▸ REQUIREMENT: Could you transcribe the entries below exactly, starting at the line that contains "向後選擇法 向後選擇法" and stopping at the last line, without any pictures?

BEGIN DATASET RECORDS

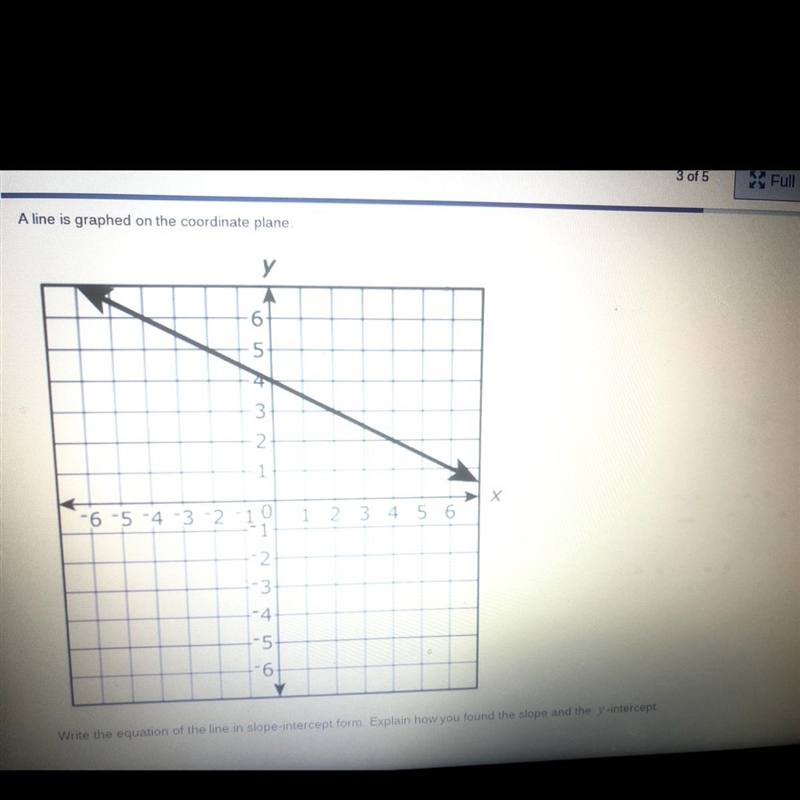 Write the equation of the line in slope-intercept form. Explain how you found the-example-1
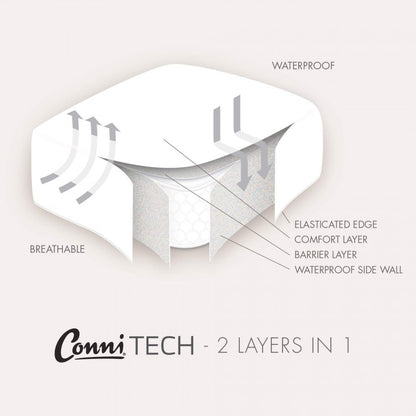 Premium Mattress Protector - with Micro-Plush Technology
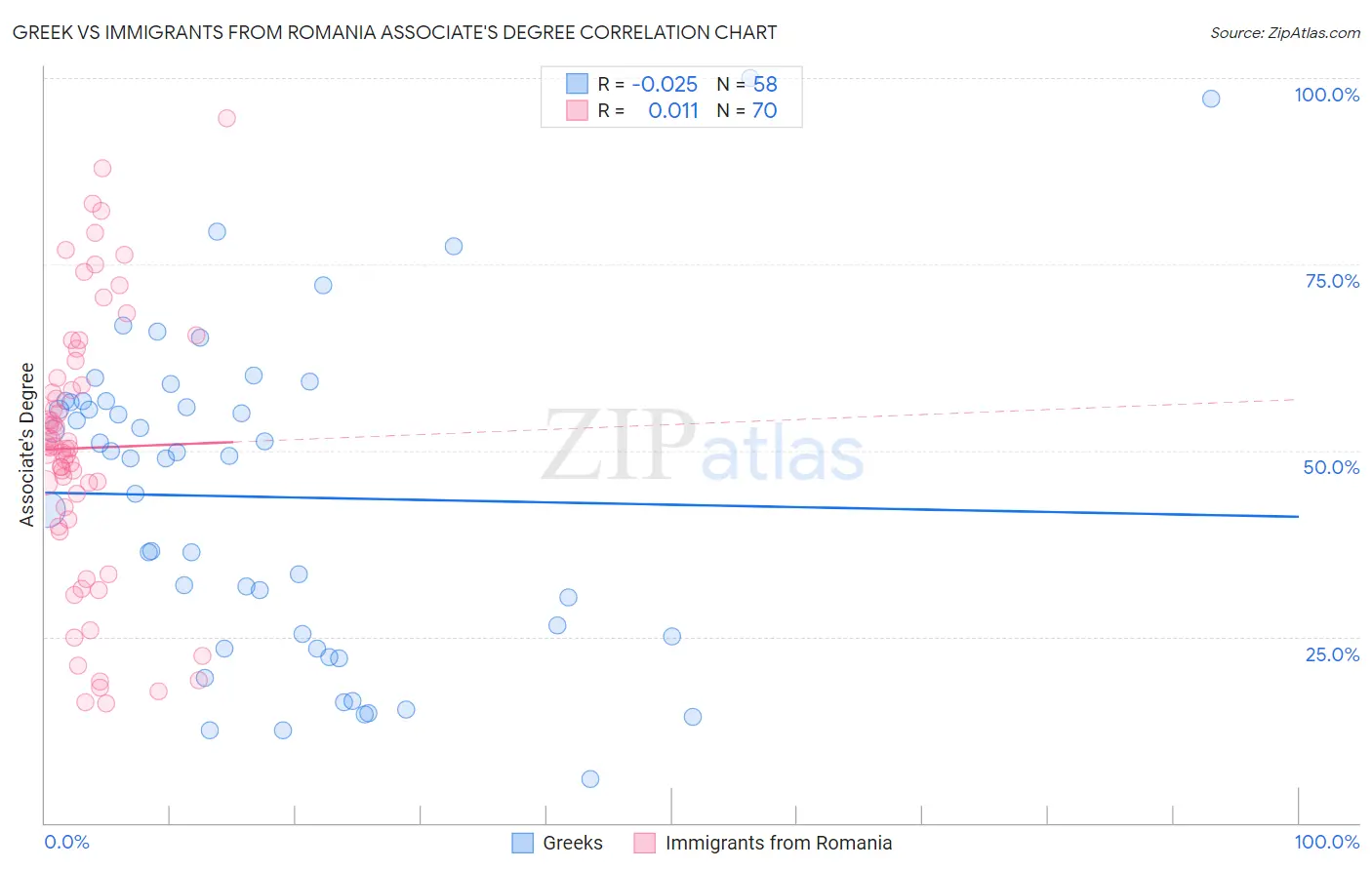 Greek vs Immigrants from Romania Associate's Degree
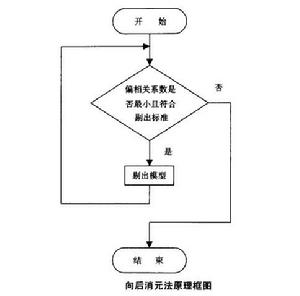 向後選擇法 向後選擇法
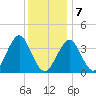 Hashamomuck Beach tide chart for Tuesday, January 7, 2025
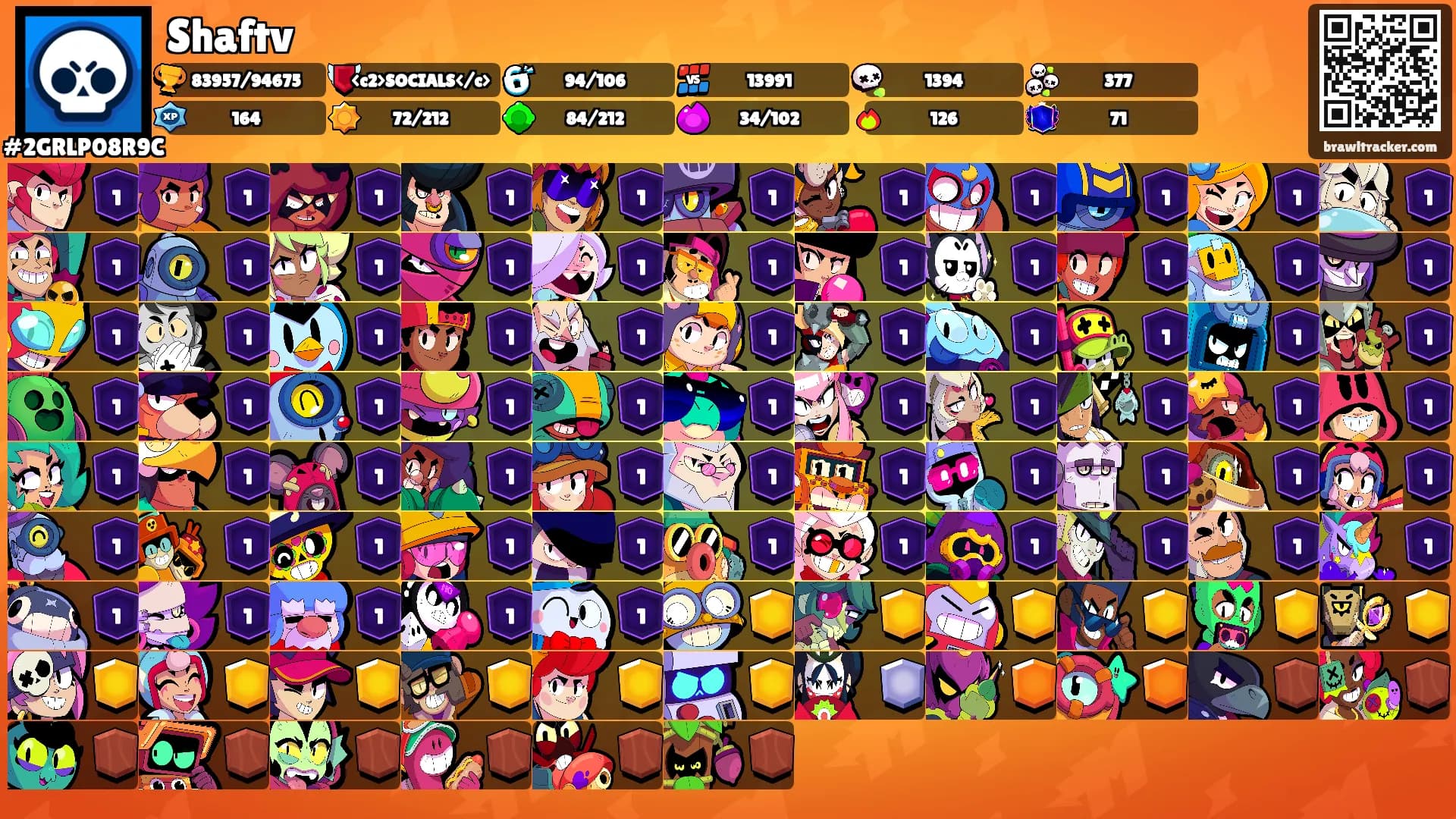 Shaftv's Ranks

END DATASET RECORDS

▸ RESULT OF THE TASK:
 向後選擇法 向後選擇法
 Hashamomuck Beach tide chart for Tuesday, January 7, 2025
 Shaftv's Ranks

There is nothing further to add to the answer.